> _WHAT THE TASK REQUIRES_: Transcribe the lines below exactly, beginning with the line that holds "A multi-story building" and ending with the final line, both included. Pictures are to be left out.

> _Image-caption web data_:
================
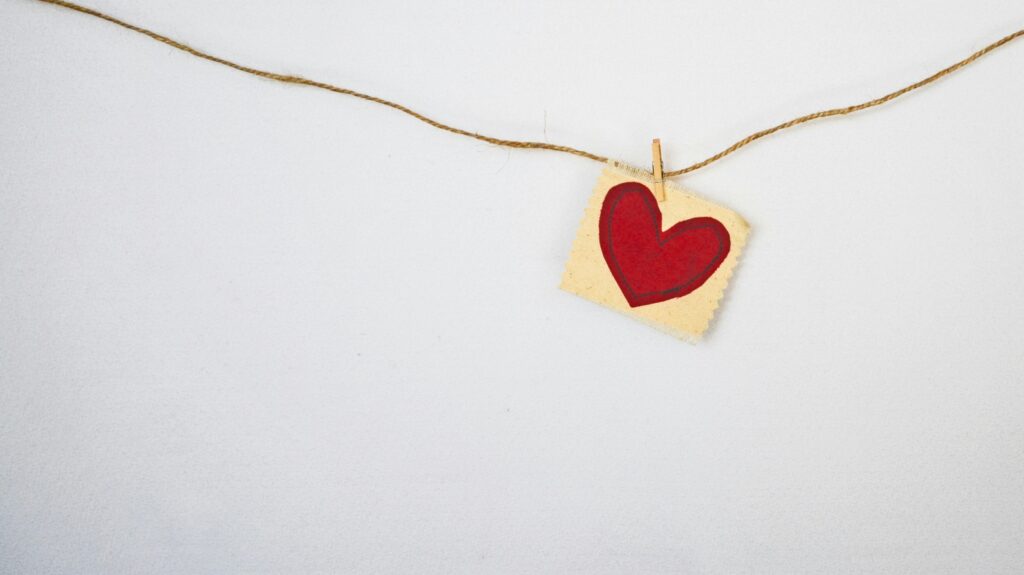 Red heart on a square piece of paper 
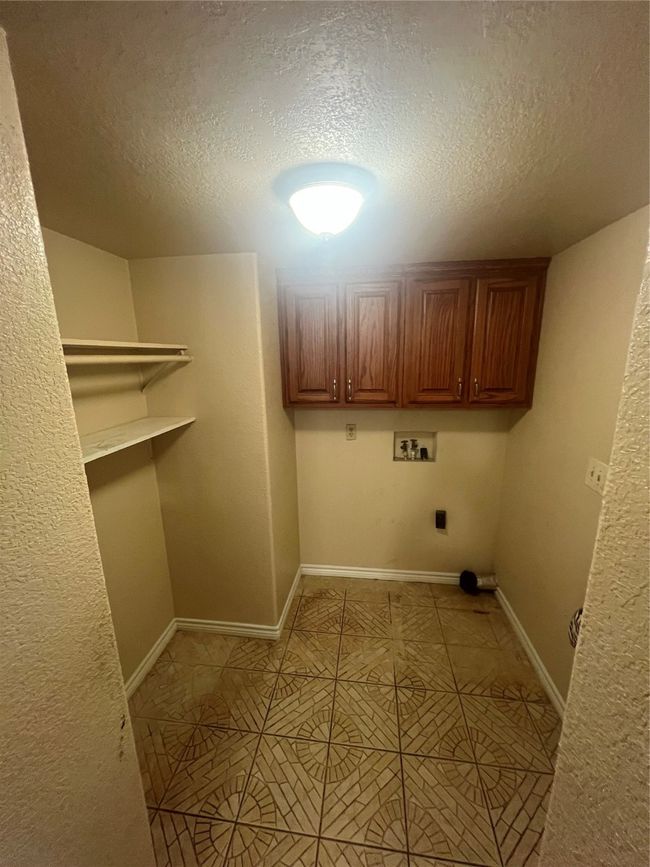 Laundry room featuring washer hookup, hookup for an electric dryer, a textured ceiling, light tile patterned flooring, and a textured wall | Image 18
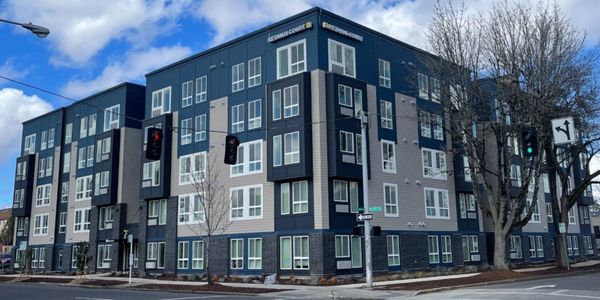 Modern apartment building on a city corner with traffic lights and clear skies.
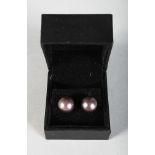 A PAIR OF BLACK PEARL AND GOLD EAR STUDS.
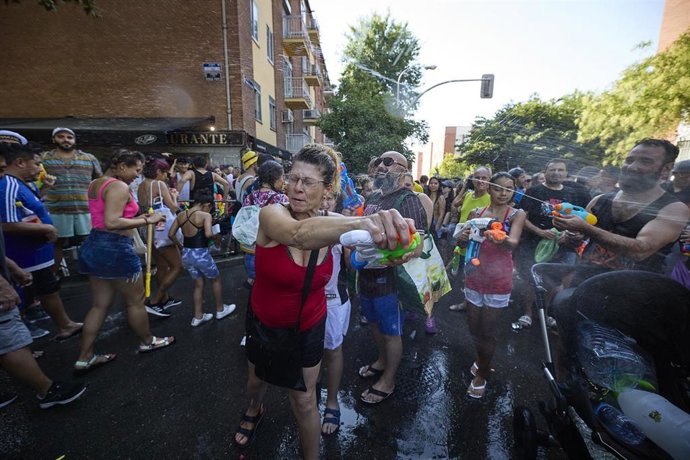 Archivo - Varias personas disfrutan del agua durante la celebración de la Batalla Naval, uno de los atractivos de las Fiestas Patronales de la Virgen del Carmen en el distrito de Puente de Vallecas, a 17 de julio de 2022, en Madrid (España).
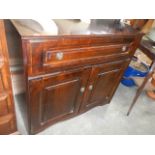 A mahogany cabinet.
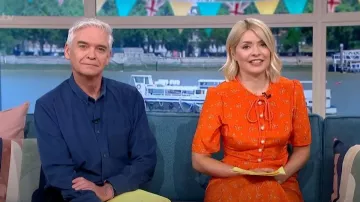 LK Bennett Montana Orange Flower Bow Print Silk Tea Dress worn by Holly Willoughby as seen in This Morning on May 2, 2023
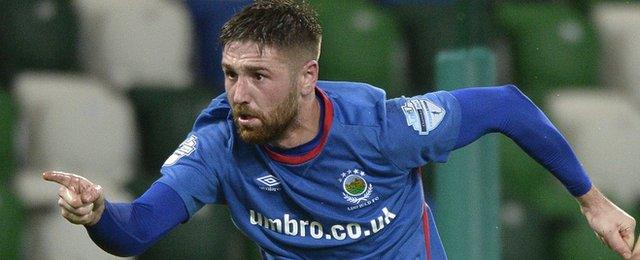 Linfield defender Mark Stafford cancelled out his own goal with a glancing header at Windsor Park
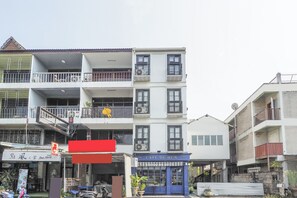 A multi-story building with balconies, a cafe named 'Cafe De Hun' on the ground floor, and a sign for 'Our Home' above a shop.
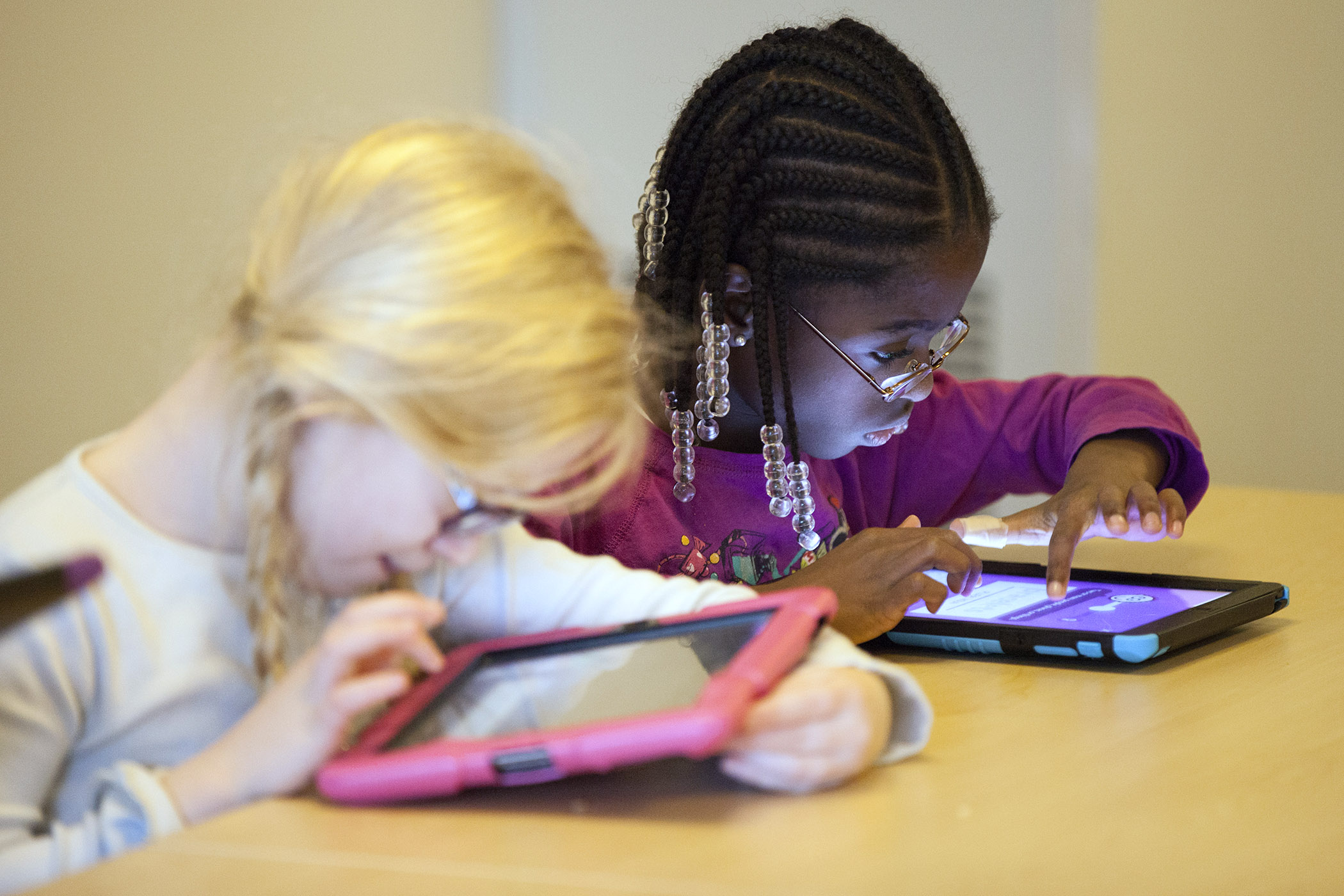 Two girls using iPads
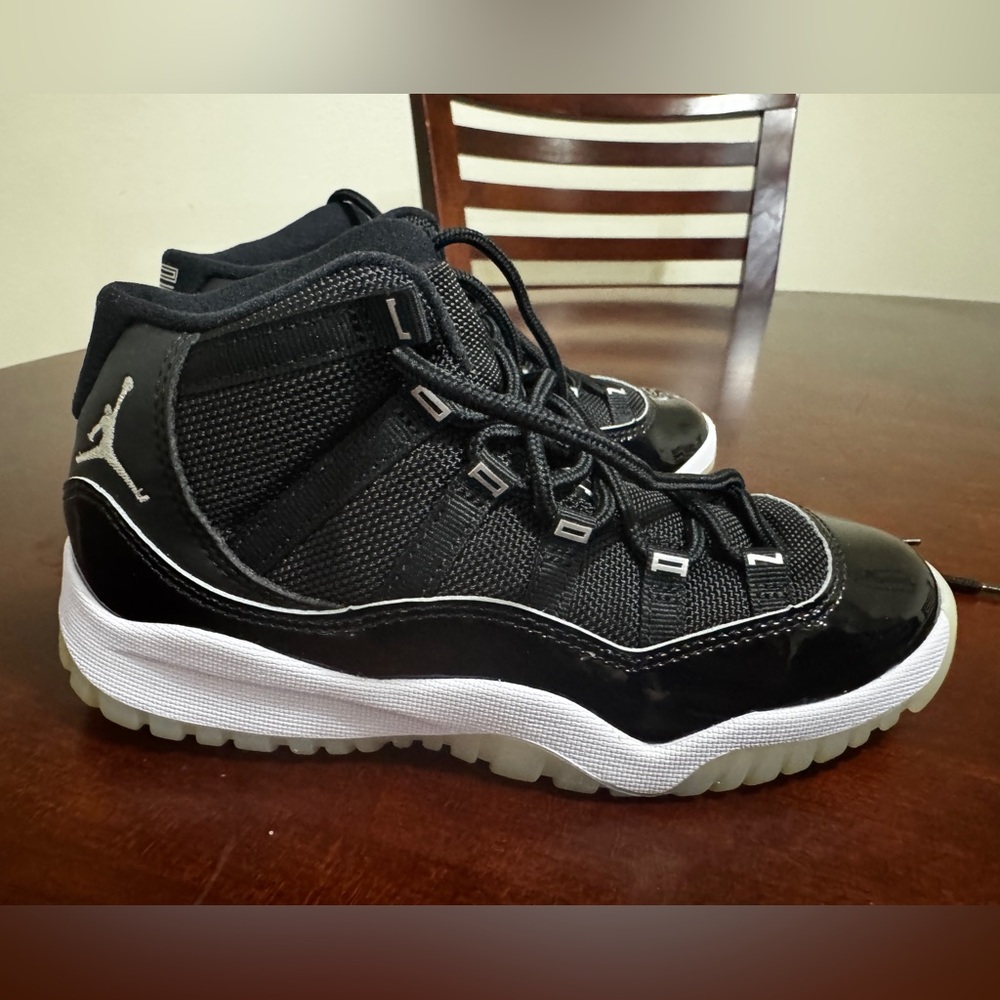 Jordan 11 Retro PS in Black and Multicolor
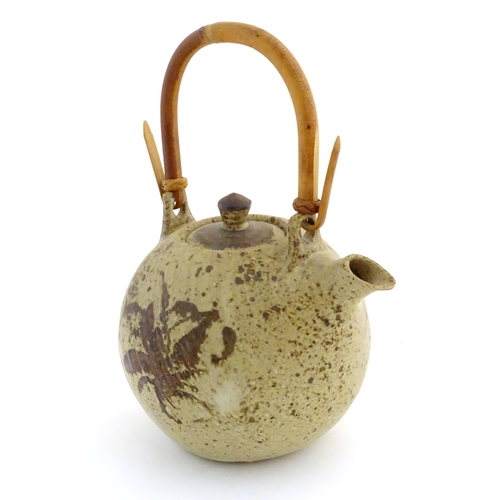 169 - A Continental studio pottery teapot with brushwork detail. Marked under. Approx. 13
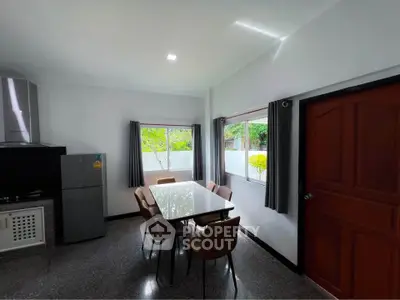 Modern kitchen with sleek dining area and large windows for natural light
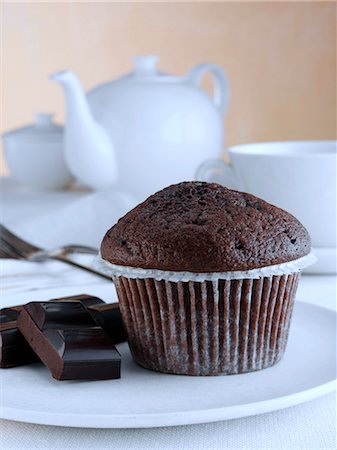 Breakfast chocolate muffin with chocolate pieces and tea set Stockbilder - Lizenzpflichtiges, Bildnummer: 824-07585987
================
> _WRITTEN RESPONSE_:
 A multi-story building with balconies, a cafe named 'Cafe De Hun' on the ground floor, and a sign for 'Our Home' above a shop.
 Two girls using iPads
 Jordan 11 Retro PS in Black and Multicolor
 169 - A Continental studio pottery teapot with brushwork detail. Marked under. Approx. 13
 Modern kitchen with sleek dining area and large windows for natural light
 Breakfast chocolate muffin with chocolate pieces and tea set Stockbilder - Lizenzpflichtiges, Bildnummer: 824-07585987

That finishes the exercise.